### DIRECTIONS FOR THIS TASK
Transcribe only the lines of the listing below from the one holding "Womens San Francisco" through the one holding "Merkloos / Sans", inclusive, without any change.
---- EXCERPTED RECORDS
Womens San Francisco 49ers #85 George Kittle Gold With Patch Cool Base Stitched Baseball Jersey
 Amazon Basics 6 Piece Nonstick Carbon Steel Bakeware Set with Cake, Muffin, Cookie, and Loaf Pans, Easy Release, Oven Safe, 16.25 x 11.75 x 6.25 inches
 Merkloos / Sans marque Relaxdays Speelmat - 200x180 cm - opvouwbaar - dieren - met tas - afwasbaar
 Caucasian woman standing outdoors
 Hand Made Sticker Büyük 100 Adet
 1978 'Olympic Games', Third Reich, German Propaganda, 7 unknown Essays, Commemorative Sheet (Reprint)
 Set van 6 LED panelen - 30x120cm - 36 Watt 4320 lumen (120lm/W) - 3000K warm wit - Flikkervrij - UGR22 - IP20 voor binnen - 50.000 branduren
--------
---- EXCERPTED RECORDS
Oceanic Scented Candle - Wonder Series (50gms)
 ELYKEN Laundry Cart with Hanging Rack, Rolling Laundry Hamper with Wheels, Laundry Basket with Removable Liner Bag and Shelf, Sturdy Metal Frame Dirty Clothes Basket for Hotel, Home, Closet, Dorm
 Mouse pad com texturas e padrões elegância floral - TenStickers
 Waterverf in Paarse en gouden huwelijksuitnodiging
--------
---- EXCERPTED RECORDS
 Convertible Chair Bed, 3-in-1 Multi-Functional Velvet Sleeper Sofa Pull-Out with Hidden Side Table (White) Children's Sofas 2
--------
### YOUR SOLUTION
Womens San Francisco 49ers #85 George Kittle Gold With Patch Cool Base Stitched Baseball Jersey
 Amazon Basics 6 Piece Nonstick Carbon Steel Bakeware Set with Cake, Muffin, Cookie, and Loaf Pans, Easy Release, Oven Safe, 16.25 x 11.75 x 6.25 inches
 Merkloos / Sans marque Relaxdays Speelmat - 200x180 cm - opvouwbaar - dieren - met tas - afwasbaar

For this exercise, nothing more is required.